EXERCISE AIM: Please reproduce the data exactly, though every picture must stay out.
★ ★ ★ ★
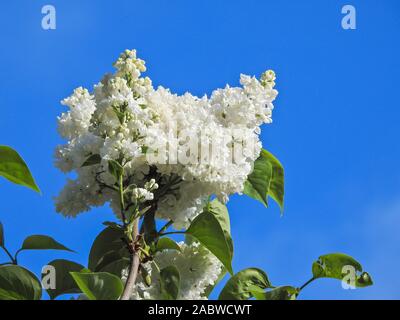 Blühender Weisser Flieder (Syringa), Stockfoto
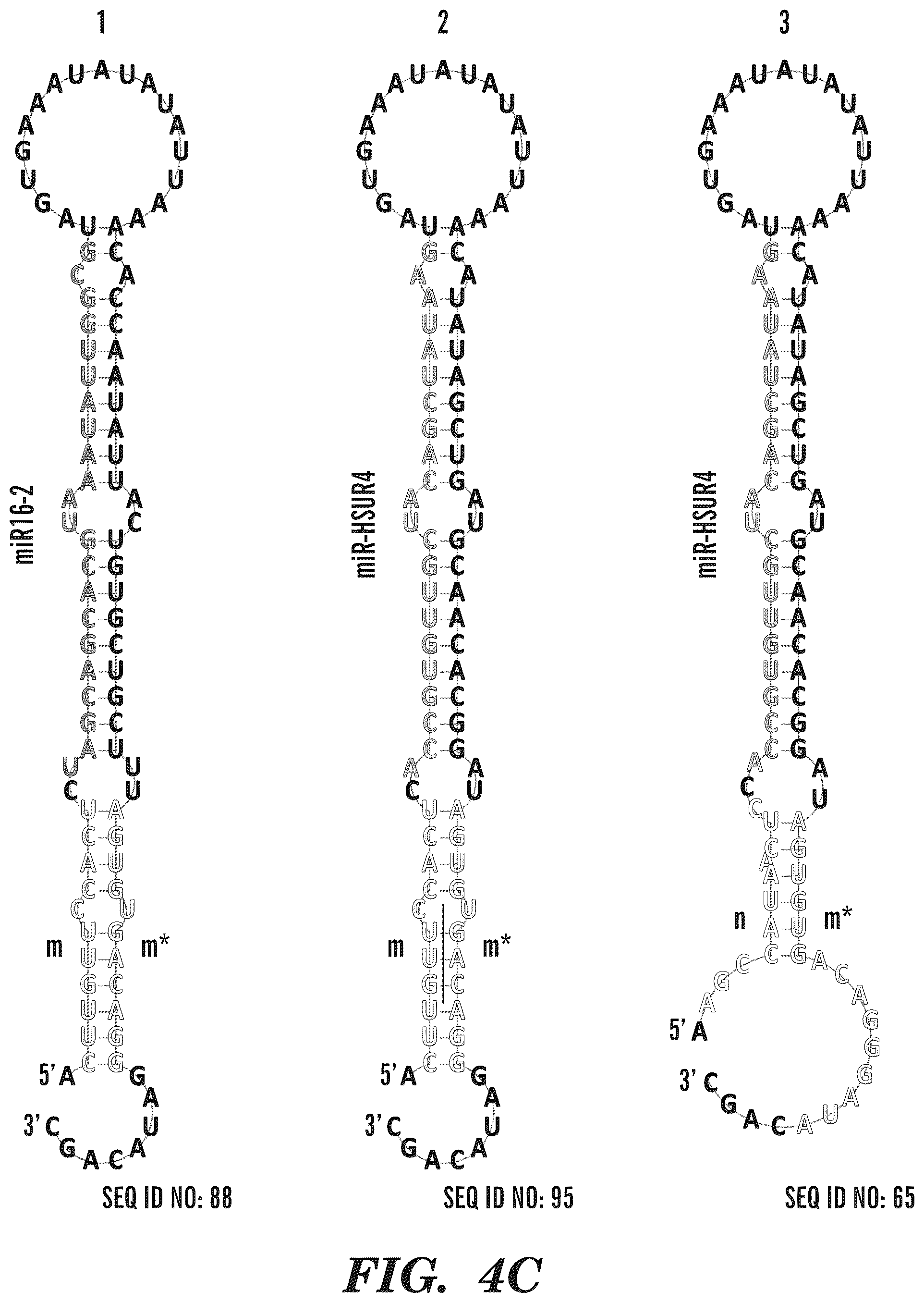Patent US12365900 Figure 18 – miRNA switches for RNA-triggered control of RNA interference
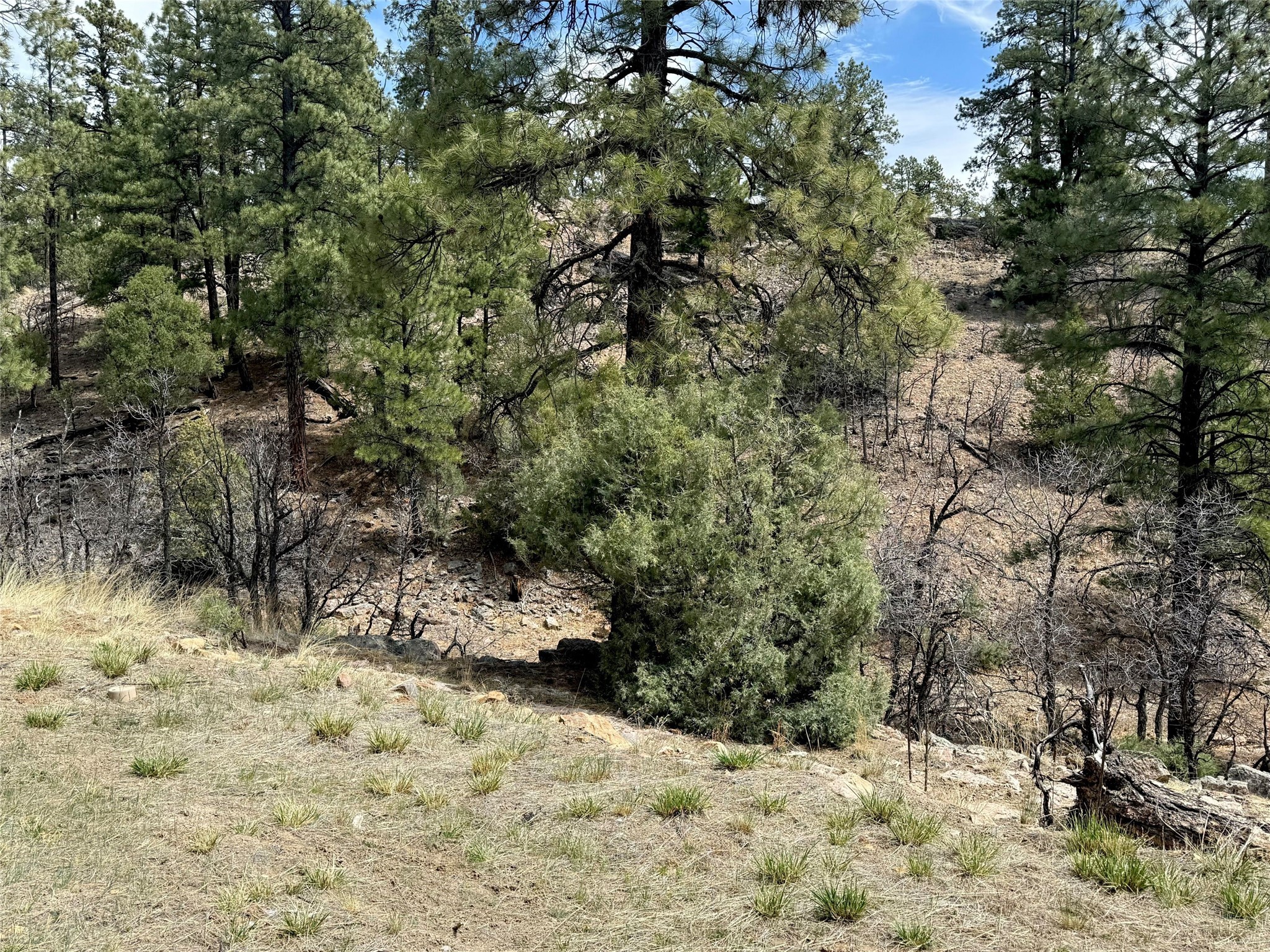 20 Ripp Road, Los Ojos, New Mexico image 27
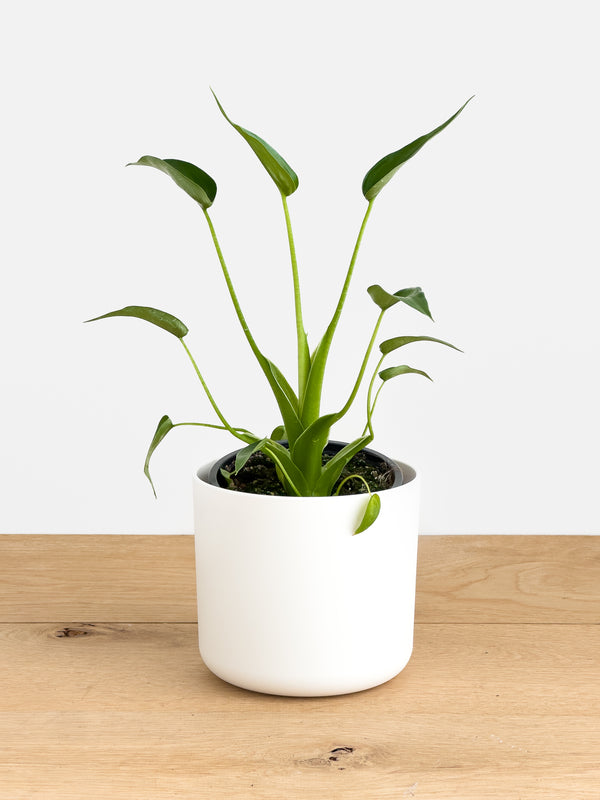 Alocasia Tiny Dancer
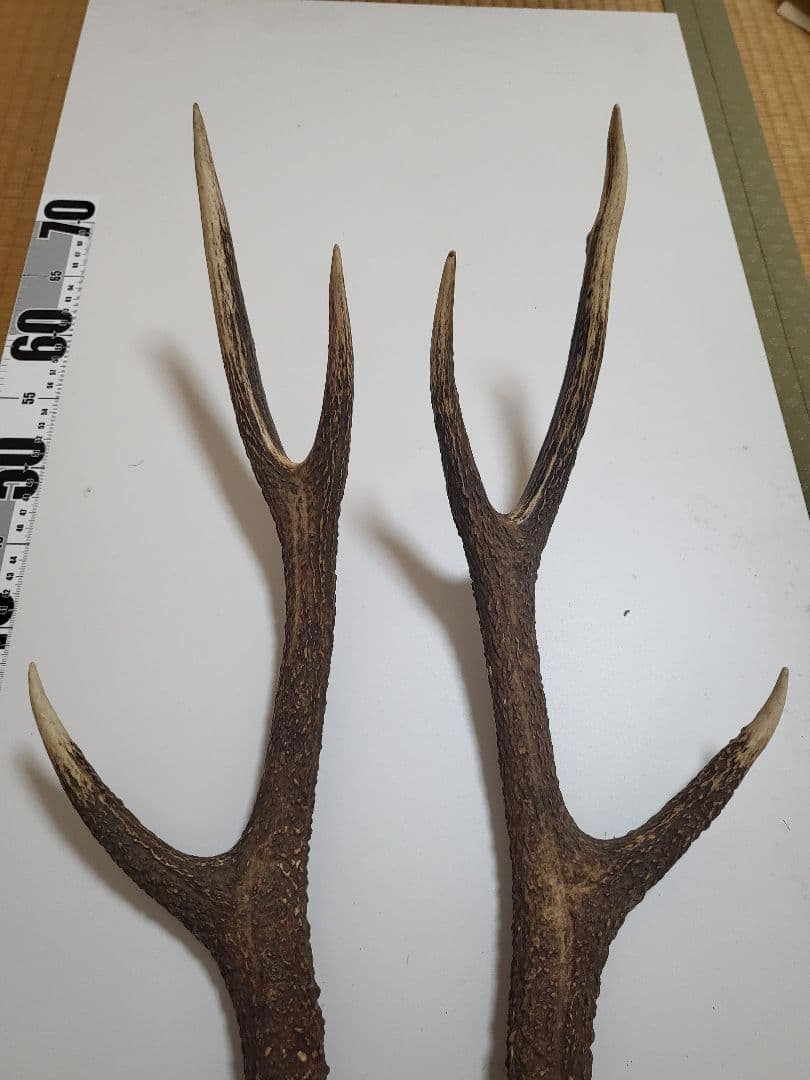 日本鹿の角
★ ★ ★ ★
RESULT BELOW:
 Blühender Weisser Flieder (Syringa), Stockfoto
Patent US12365900 Figure 18 – miRNA switches for RNA-triggered control of RNA interference
 20 Ripp Road, Los Ojos, New Mexico image 27
 Alocasia Tiny Dancer
 日本鹿の角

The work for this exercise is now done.